Semiconductor “dust” enables low cost solar cells, LEDs

The U.S. Patent Office has issued US Patent No. 8,859,310 to Versatilis LLC that shows how fine semiconductor particles, powders or fines, often the waste byproduct of dicing semiconductor wafers into ever smaller chips, can be processed into a sea of low cost solar cells or micro-LEDs.

A principal challenge in making such devices has always been forming the active layer, whether the light absorbing layer in a solar cell or the light-emitting layer in a LED. This has also been the most costly and capital-intensive part of the manufacturing process, since the active layer must be made to high standards of semiconductor crystal quality and uniformity. Leading solar cells, for example, use mono- or poly-crystalline silicon wafers, while LEDs use variants of Gallium Nitride (GaN) on expensive sapphire, Silicon Carbide or even GaN wafers. In many cases, these materials are thicker than needed, the added thickness lending structural support to the end device without adding to efficiency, but contributing to overall cost and weight of the structure.

Versatilis shows instead that the active layer can be made from semiconductor fines or powders of single crystal particles densely packed into a monolayer, in a configuration not unlike sandpaper one particle thick, and then further processed into active diode structures serving as solar cells, for example, or as LEDs. Such particles are readily available, often a byproduct of other processes or made inexpensively off-line, or sometimes chemically synthesized. Silicon fines, for example, are widely available, screened for a desired size distribution, as are CIGS and GaN particles, the latter chemically synthesized. And a small amount of such “dust” can go a long way; for example, a kilogram of one micron single crystal CIGS particles used as micro-solar cells can cover an area over 300 square meters, resulting in very low costs per unit area.

“By levering cheap, ex-situ produced and optimized, single or polycrystalline powders and fines for Si, Ge, CIGS, GaN, ZnO as the starting raw material and wrapping unique processing techniques around that, we can produce highly functional opto-electronic devices with reduced infrastructure, processing, and material utilization cost,” stated Ajay Jain, Versatilis CTO and inventor of the now patented technology.

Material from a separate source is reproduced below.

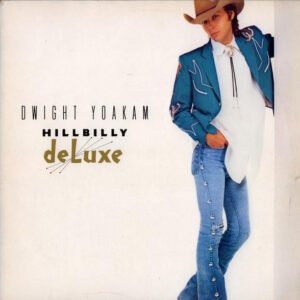 Yoakam, Dwight: Hillbilly Deluxe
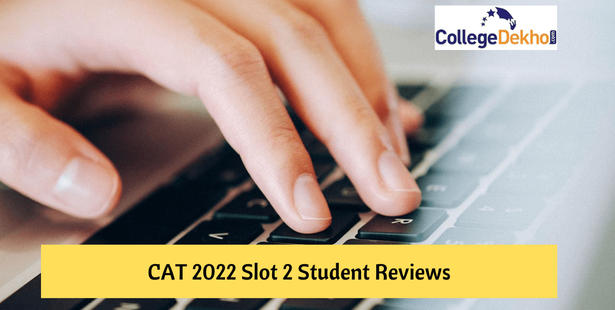 CAT Exam 2022 Slot 2 Concludes: Know Student Reactions, Major Highlights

The potential cost savings have led others to try using semiconductor particles in a variety of ways, however, none have proven commercially practical. A major challenge has been to lay down these particles quickly enough and as a monolayer. Similarly, researchers have shown basic functional devices with nanorods, nanowires and other semiconductor “nanostructures” in the lab, only to be stopped by a general lack of production ready manufacturing technology for nanoscale, including suitable tools for in-line process metrology and characterization.

In addition to processing semiconductor particles into useful devices, Versatilis has unique fluidics technology for rapidly depositing such particles as a monolayer, from nano to microscale, on wafers or in a continuous, high-speed web. It had licensed the technology to VersufleX Technologies (http://www.versuflex.com), who are beginning to sell benchtop process tools to R&D labs based on this technology. The process can tolerate reasonable variation in particle size and shape, and there are a variety of methods possible for orienting particles floating on the surface of a fluid medium.

“This technology will not set performance records for efficiency in PV cells nor in lumens/watt for LEDs, but we believe there is no cheaper, more practical way to realize semiconductor diode based functionality over a large, flexible area,” added George Powch, Company CEO, “We think it can enable low cost Building Integrated Photovoltaics or rival OLEDs with a wholly inorganic large area micro-LED solution.”